TASK TO CARRY OUT –
Task for the records below: please copy exactly, and only, the lines from the one containing "Suppe mit Gänsebrühe" to the last line, both included, leaving out the pictures.

------ RECORDS TO PROCESS ------

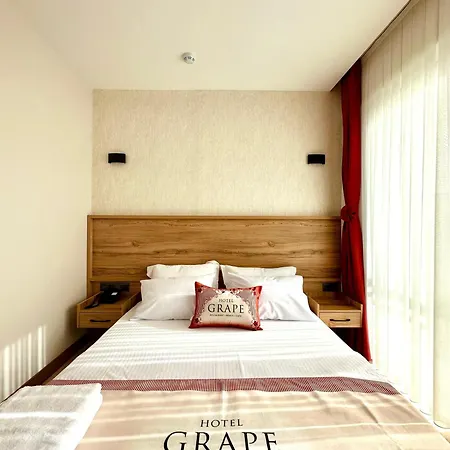 Grape * Ezine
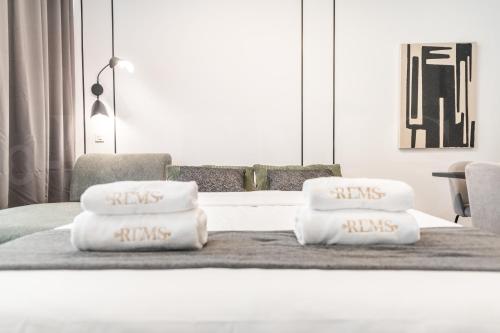 Central apartment with Picasso vibes by REMS photo 12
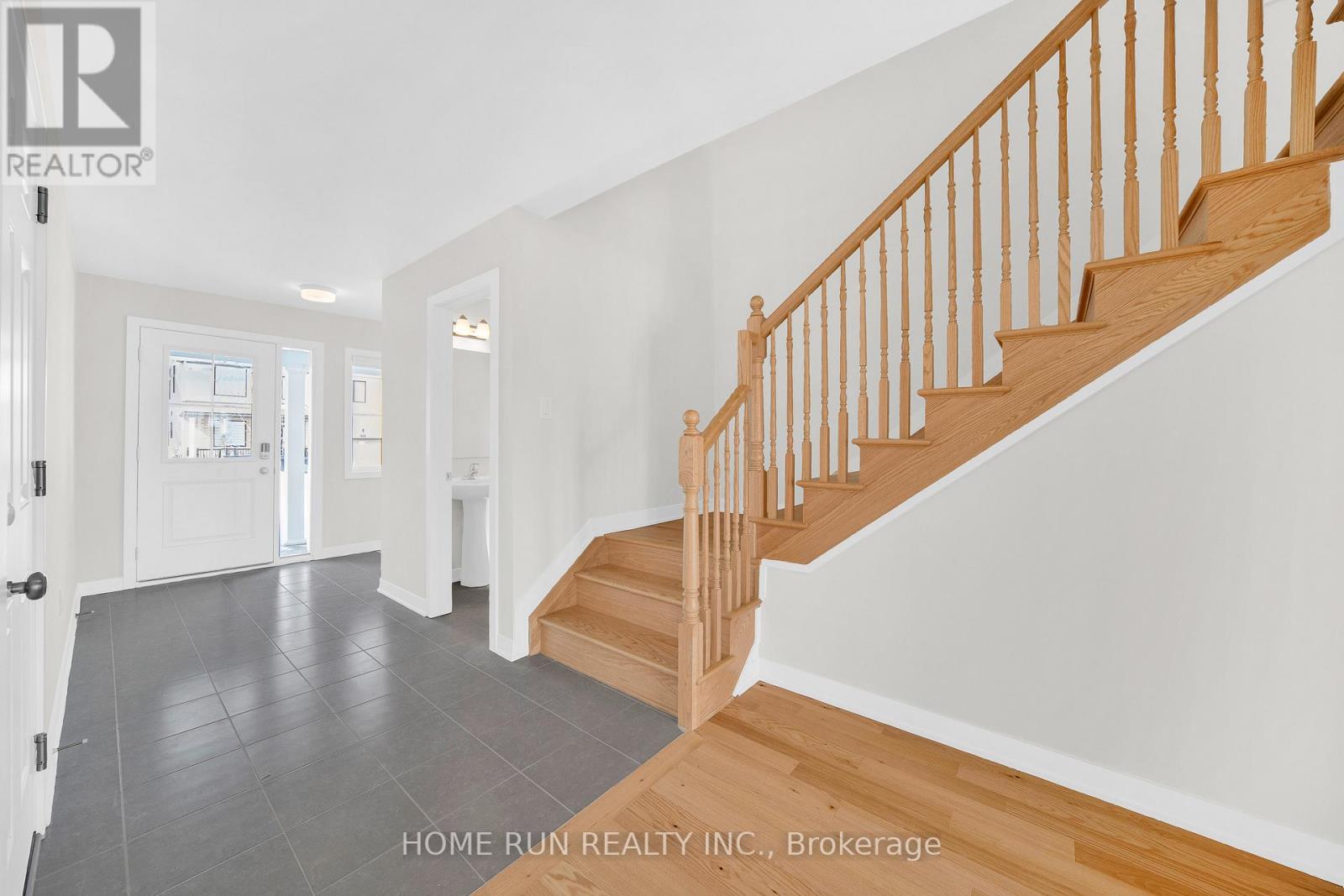 124 Tonic Crescent, Ottawa, Ontario  K2W 0N1 - Photo 5 - X12831362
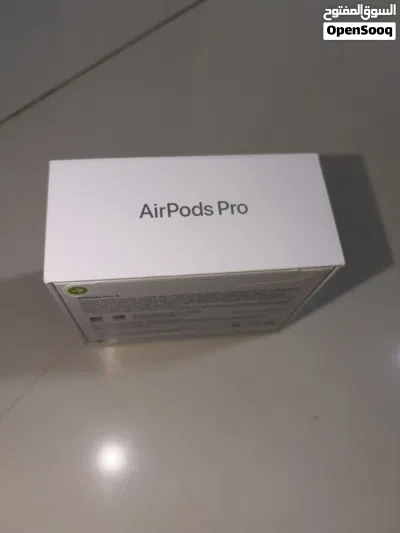 Apple AirPods Pro 3 New 4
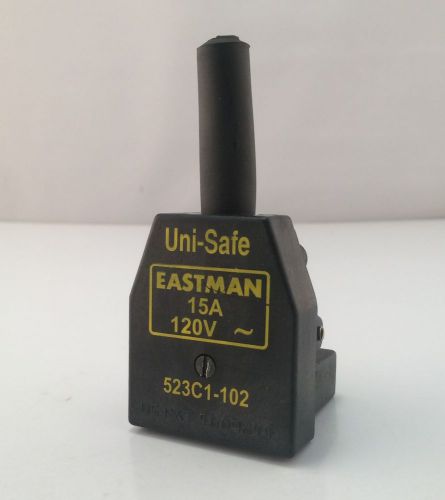 Eastman UniSafe Fabric Cutting Machine Female Plug Attachment 120V 15A 523C1-102
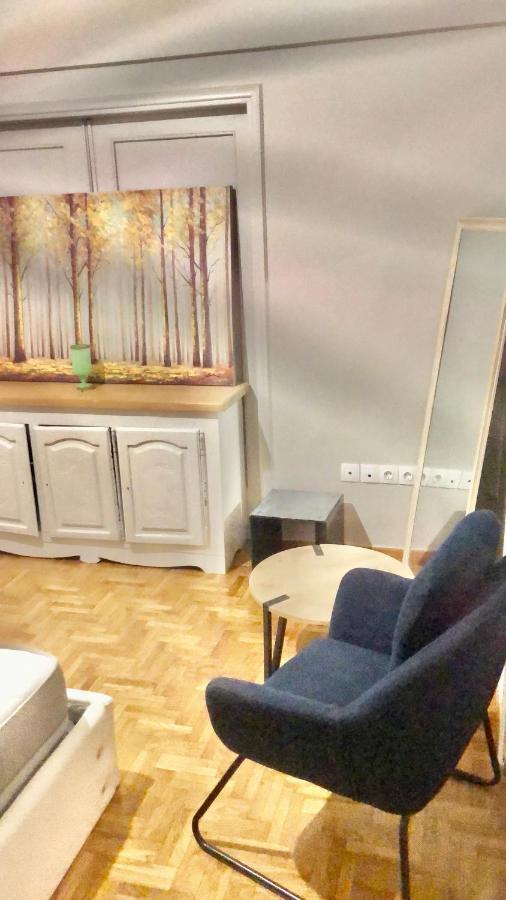 Economy Shared Apartment C In Central Афины Экстерьер фото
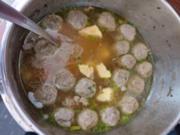 Suppe mit Gänsebrühe und herzhafter Einlage - Rezept - Bild Nr. 2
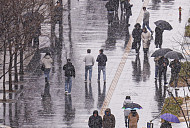 [오늘 날씨] 낮 최고 17도…오전까지 중부 곳곳 비·눈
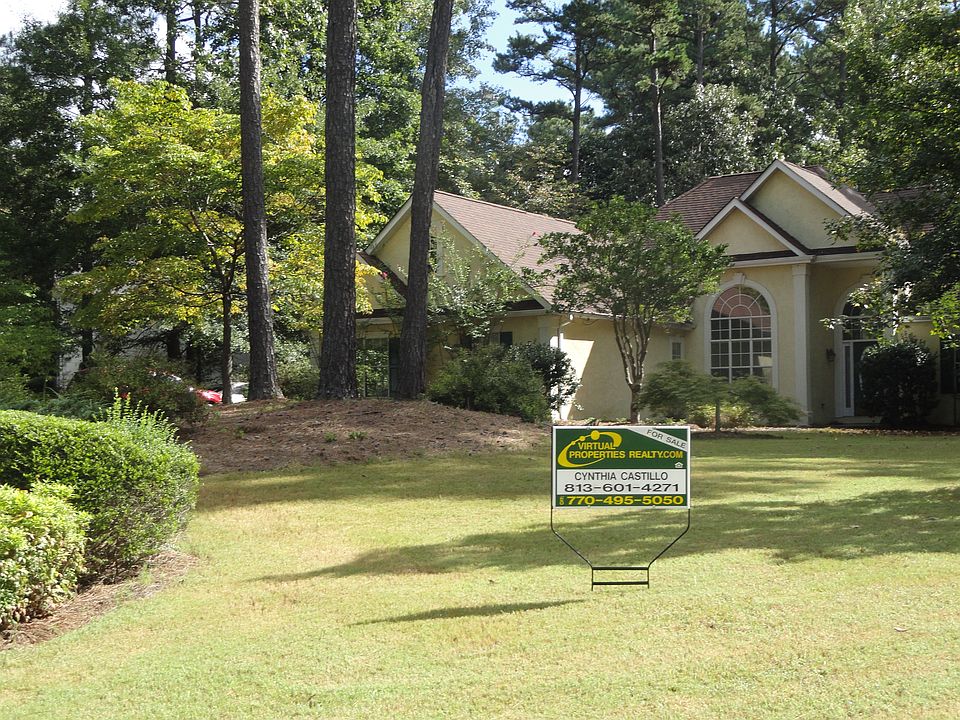 1st image of 11 Portage Ln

------

COMPLETED EXERCISE –
 Suppe mit Gänsebrühe und herzhafter Einlage - Rezept - Bild Nr. 2
 [오늘 날씨] 낮 최고 17도…오전까지 중부 곳곳 비·눈
 1st image of 11 Portage Ln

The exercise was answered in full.